The results tell Eanes that crop advisers can and often do help farmers with conservation. The advice is just not framed that way. For example, crop advisers often recommend variable-rate nutrient application, which means applying fertilizers where they’re most needed in a field. It’s better for the environment and for farmers’ yields.

“Where production and conservation practices overlap is where I think crop advisers have the largest potential to be influential,” Eanes says.

Though Eanes’ study focused on the Midwest, it’s easy for Kersbergen to see the same overlap in New England. Many conservation practices make sense from a production or financial standpoint — for example, the requirements for organic or non-GMO certification often have a conservation component.

The problem is that it can be difficult to see an immediate return on a conservation-related investment.

“When we talk about conservation on a farm, we’re talking about resources we’re trying to protect — whether land, soil, water, or air — which are integral for farmers to survive,” Kersbergen says.

“The real issue for most farmers, at least a lot of farmers I work with, is that the financial implications of conservation don’t necessarily show themselves in the short term.”

Eanes thinks conservation-focused nonprofits and government agencies should work directly with crop advisers to steer farmers toward practices that both improve yield and reduce pollution.

And according to a second study that Eanes says will be published next year, crop advisers might be on board.

“They love conservation practices and see themselves as being really influential on farmers’ decision-making,” he says. 

The hurdle, Eanes says, is that conservation agencies often don’t engage crop advisers to help shape the agencies’ own programs. There are also “institutional differences,” he says.

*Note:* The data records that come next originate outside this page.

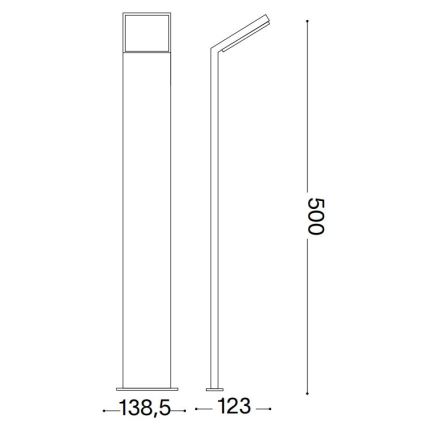 Ideal Lux - LED Āra lampa STYLE LED/8,5W/230V 3000K 50 cm CRI 90 IP54 antracīta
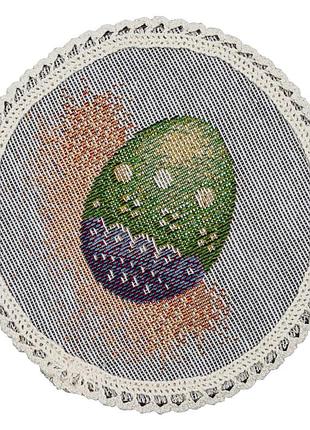 Салфетка гобеленовая с кружевом round1018m-10d limaso, ø10, круглое, пасхальный, без люрекса, 75% полиэстер, 22% хлопок, 3% акрил,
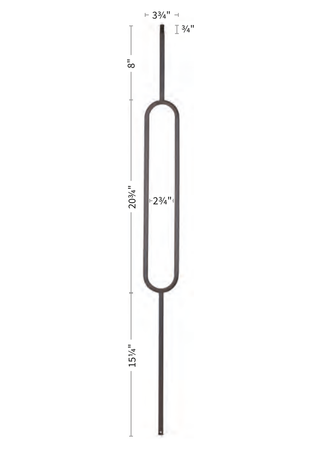 Iron Baluster 3-3/4" x 44" Oval 9088-CS - dimensions
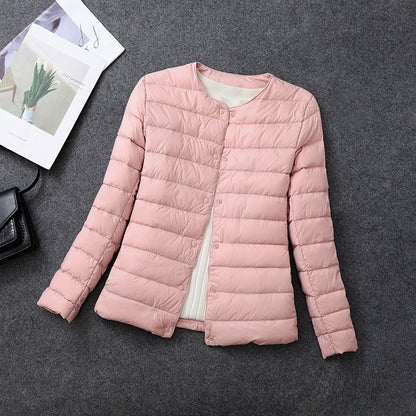Women's Lightweight Down Jacket, Matt Fabric Windbreaker Parka, Warm Duck Down Coat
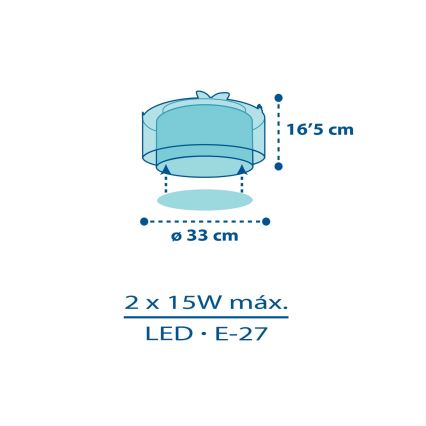 Dalber 76116 - Loftlampe til børn JUNGLE 2xE27/15W/230V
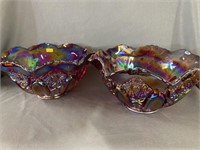 (2) Contemporary Art Glass Center Bowls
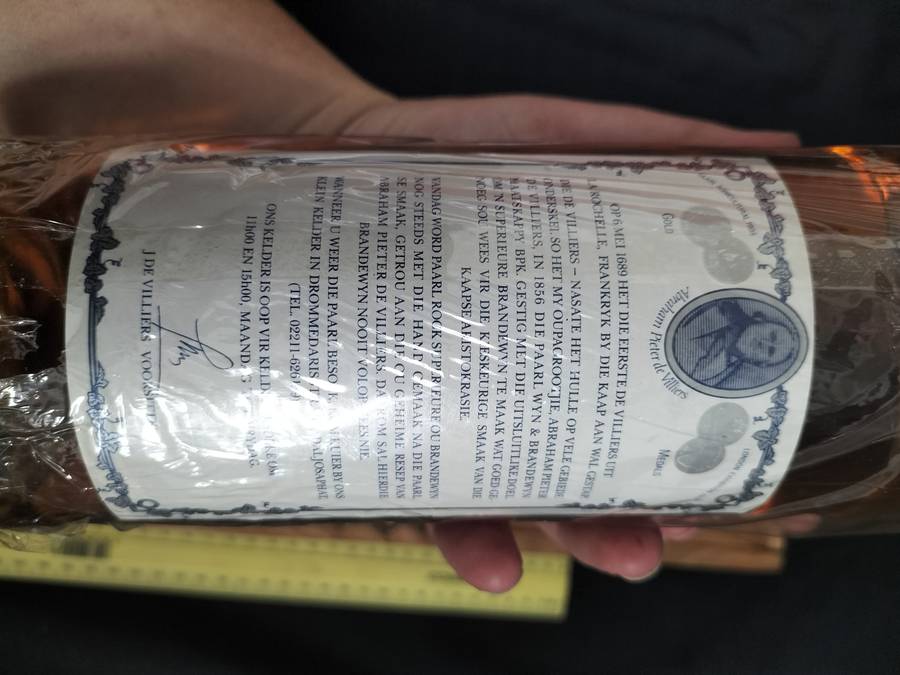 Vintage Paarl Rock 1856 Superior Old Brandy with Wooden Box - Sealed - Good Condition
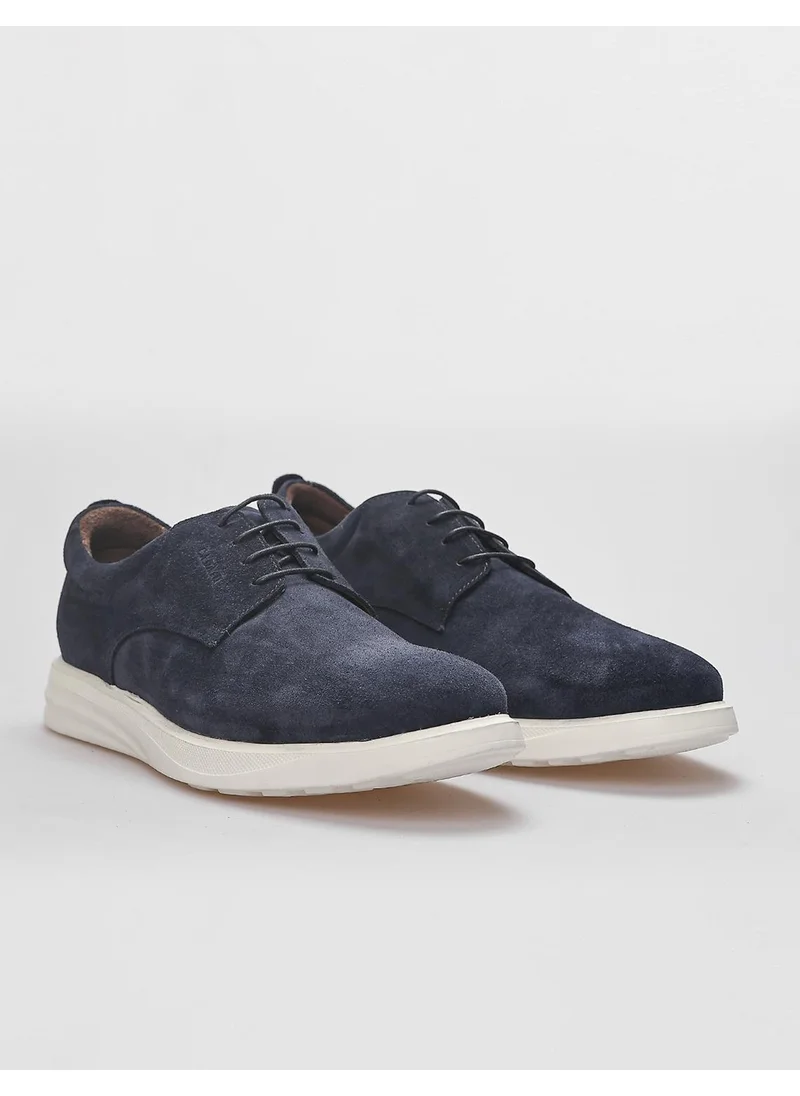 Cabani Leather Navy Blue Suede Lace-Up Men's Casual Shoes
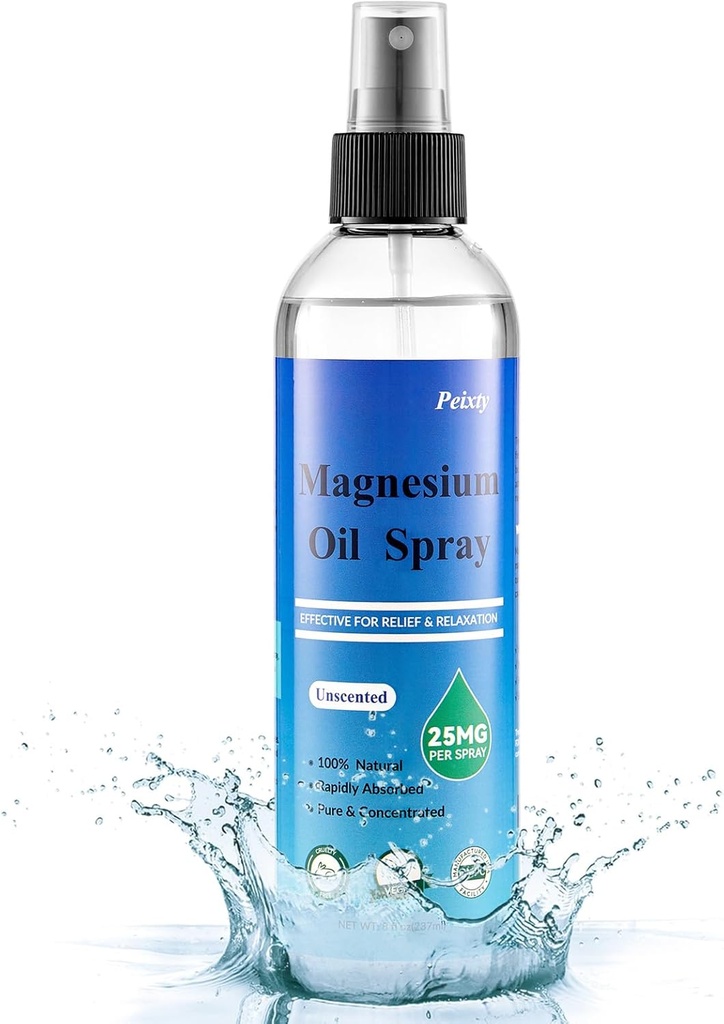 100% Pure Magnesium Oil Spray,8 fl oz,Less Itchy, Topical Magnesium Oil for Feet, Magnesium Chloride from Ancient Zechstein Seabed, Without Scented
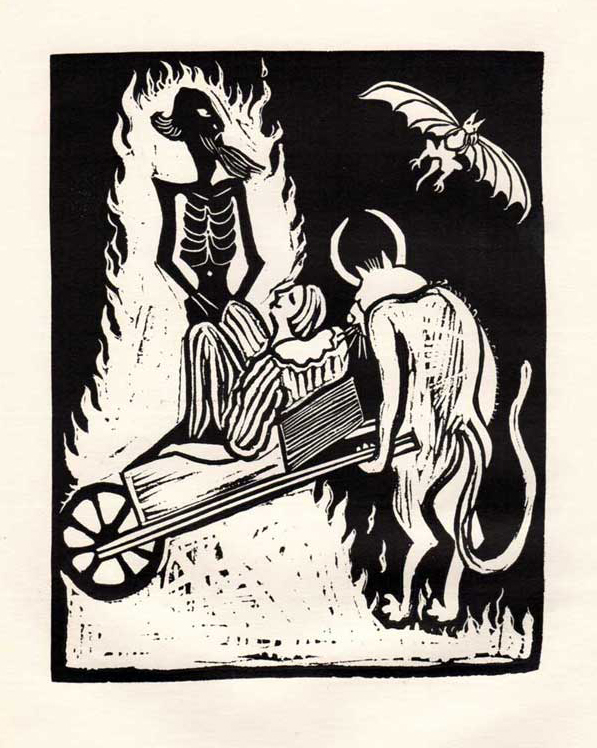 print shows Jurgen being pushed in a wheelbarrow by a demon with horns. he is meeting his father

“Crop advisers see themselves in the private sector as being much more nimble and moving very quickly,” Eanes says.“They see conservation programs as being bureaucratic, very paperwork-dominated.”

Nevertheless, as both cooperative extension services and other public agencies that promote conservation shrink, crop advisers may be the only ones who can reconcile government regulations, farmers’ economic and production needs, and the health of the environment.

“For farmers to stay viable given the resources we have, conservation needs to be a big part of their whole farm system,” Kersbergen says.